- Material: Wood
- Discovered: October 2014 Papanui Inlet, South Island, New Zealand
- Discovered by: Shar Briden

= Papanui waka =

Canoe discovered in 2014 in New Zealand

The remains of a waka (canoe) were found in October 2014 at Papanui Inlet on the Otago Peninsula of the South Island of New Zealand; the remains were hence called the Papanui waka. The waka has been dated to the mid- to late 15th century and is the second oldest in New Zealand, after the Anaweka waka.

==Background==
New Zealand was the last major land mass to be discovered in the Pacific. It was likely first settled around 1,300 CE, by Polynesians sailing on ocean-going waka (canoes). These settlers were the forerunners of the Māori, the indigenous people of New Zealand. There has been a Māori presence at Papanui Inlet, near Dunedin, on the Otago Peninsula of the South Island for hundreds of years. The first in the area were the Waitahi people, and then Ngāti Māmoe. Ngāi Tahu subsequently became the dominant iwi (tribe) in the 18th century. Papanui Inlet has been well known since the early 20th century for its archaeological interest. Being exposed to coastal erosion has resulted in many archeological finds over the years.

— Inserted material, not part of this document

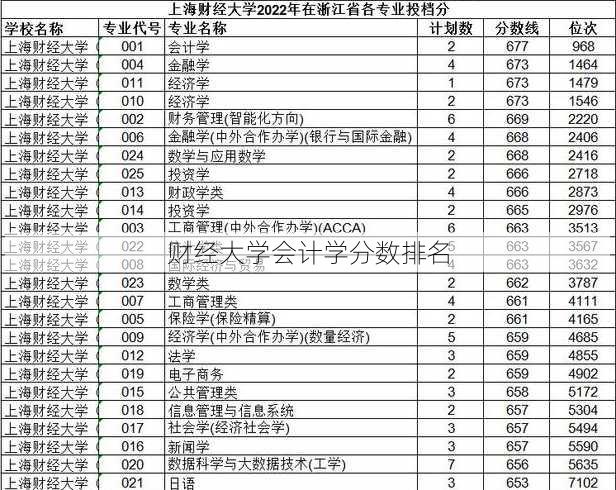 财经大学会计学分数排名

==Discovery and analysis==
The remnants of the waka were discovered by archeologist Shar Briden, with a 1.2 m portion extending from sand dunes at Papanui Inlet in October 2014. She and her colleagues were monitoring the area for erosion which was exposing vulnerable material of archeological interest. Further excavation uncovered the remainder of the waka. The area had already been the site of previous waka-related finds; an outrigger was found in 2009 and some planks that may have been used to extend the freeboard of a waka hull had been excavated earlier in 2014.

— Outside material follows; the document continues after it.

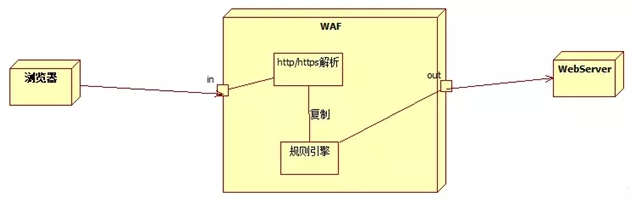 WAF原理概述及绕过思路 第4张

The found portion of the waka was its hull and measured 6.33 m in length and 0.65 m at its widest point. It was formed from a single piece of wood from a totara tree (Podocarpus totara), which is endemic to New Zealand. The hull is missing the ends. Its interior includes a prominent ridge feature, proximate the gunwale, running down a substantial portion of its length. It also has a somewhat V-shaped profile, with a slightly flatted keel line that may have been useful for launching and beaching. Dilys Johns and her co-authors suggest that the waka was used as a coastal transport.

Flax fibres used as cordage were found in and around the waka during its excavation and these are highly likely to be contemporaneous with its last usage. These have been radiocarbon dated to the mid- to late 15th century, around 1435 to 1500. At the time of its discovery, it had been thought that the waka was most likely associated with Ngati Mamoe. However the age of the waka makes it more likely it dates back to the time of the Waitahi iwi.

The Papanui waka is the second oldest known waka to be found in New Zealand; the Anaweka waka, found in 2012, is believed to be an ocean-going waka dating to the 14th century.

==Preservation==
Following its excavation, it was stored in a purpose built container of water at Ōtākou Marae. Immersion in water is important for preservation of the wood. It was subsequently transferred into a solution of polyethylene glycol, which will displace the water in the hull at a cellular level. The waka will in due course be dried out.